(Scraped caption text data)
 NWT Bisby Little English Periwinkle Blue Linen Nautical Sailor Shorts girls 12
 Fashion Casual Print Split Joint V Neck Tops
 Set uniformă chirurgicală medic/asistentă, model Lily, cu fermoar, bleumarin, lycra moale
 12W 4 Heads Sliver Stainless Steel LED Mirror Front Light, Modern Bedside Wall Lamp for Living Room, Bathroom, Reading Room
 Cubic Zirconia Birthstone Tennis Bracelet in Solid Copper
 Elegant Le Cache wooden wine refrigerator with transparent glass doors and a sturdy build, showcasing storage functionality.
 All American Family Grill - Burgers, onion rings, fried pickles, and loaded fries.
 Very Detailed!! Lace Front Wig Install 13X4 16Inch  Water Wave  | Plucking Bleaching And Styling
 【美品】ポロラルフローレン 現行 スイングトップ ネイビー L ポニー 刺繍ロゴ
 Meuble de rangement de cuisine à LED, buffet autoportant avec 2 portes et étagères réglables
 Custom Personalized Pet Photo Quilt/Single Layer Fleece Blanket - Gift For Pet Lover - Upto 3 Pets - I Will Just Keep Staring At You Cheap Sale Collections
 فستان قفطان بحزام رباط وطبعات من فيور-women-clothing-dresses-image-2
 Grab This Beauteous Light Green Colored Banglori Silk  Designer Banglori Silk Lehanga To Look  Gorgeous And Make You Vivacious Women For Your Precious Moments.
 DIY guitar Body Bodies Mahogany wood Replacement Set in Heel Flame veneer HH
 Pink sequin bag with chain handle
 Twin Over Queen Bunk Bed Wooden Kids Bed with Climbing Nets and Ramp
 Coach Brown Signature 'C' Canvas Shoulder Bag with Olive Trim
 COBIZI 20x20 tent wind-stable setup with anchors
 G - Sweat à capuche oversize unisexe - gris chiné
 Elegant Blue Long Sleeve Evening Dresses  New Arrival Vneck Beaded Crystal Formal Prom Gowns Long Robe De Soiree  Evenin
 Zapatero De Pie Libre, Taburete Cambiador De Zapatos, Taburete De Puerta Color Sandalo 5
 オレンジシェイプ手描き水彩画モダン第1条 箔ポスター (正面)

__TASK PROMPT__
Return precisely the lines of the records, starting with the line that holds "All American Family" and ending with the last one.

__REPLY TO THE EXERCISE__
 All American Family Grill - Burgers, onion rings, fried pickles, and loaded fries.
 Very Detailed!! Lace Front Wig Install 13X4 16Inch  Water Wave  | Plucking Bleaching And Styling
 【美品】ポロラルフローレン 現行 スイングトップ ネイビー L ポニー 刺繍ロゴ
 Meuble de rangement de cuisine à LED, buffet autoportant avec 2 portes et étagères réglables
 Custom Personalized Pet Photo Quilt/Single Layer Fleece Blanket - Gift For Pet Lover - Upto 3 Pets - I Will Just Keep Staring At You Cheap Sale Collections
 فستان قفطان بحزام رباط وطبعات من فيور-women-clothing-dresses-image-2
 Grab This Beauteous Light Green Colored Banglori Silk  Designer Banglori Silk Lehanga To Look  Gorgeous And Make You Vivacious Women For Your Precious Moments.
 DIY guitar Body Bodies Mahogany wood Replacement Set in Heel Flame veneer HH
 Pink sequin bag with chain handle
 Twin Over Queen Bunk Bed Wooden Kids Bed with Climbing Nets and Ramp
 Coach Brown Signature 'C' Canvas Shoulder Bag with Olive Trim
 COBIZI 20x20 tent wind-stable setup with anchors
 G - Sweat à capuche oversize unisexe - gris chiné
 Elegant Blue Long Sleeve Evening Dresses  New Arrival Vneck Beaded Crystal Formal Prom Gowns Long Robe De Soiree  Evenin
 Zapatero De Pie Libre, Taburete Cambiador De Zapatos, Taburete De Puerta Color Sandalo 5
 オレンジシェイプ手描き水彩画モダン第1条 箔ポスター (正面)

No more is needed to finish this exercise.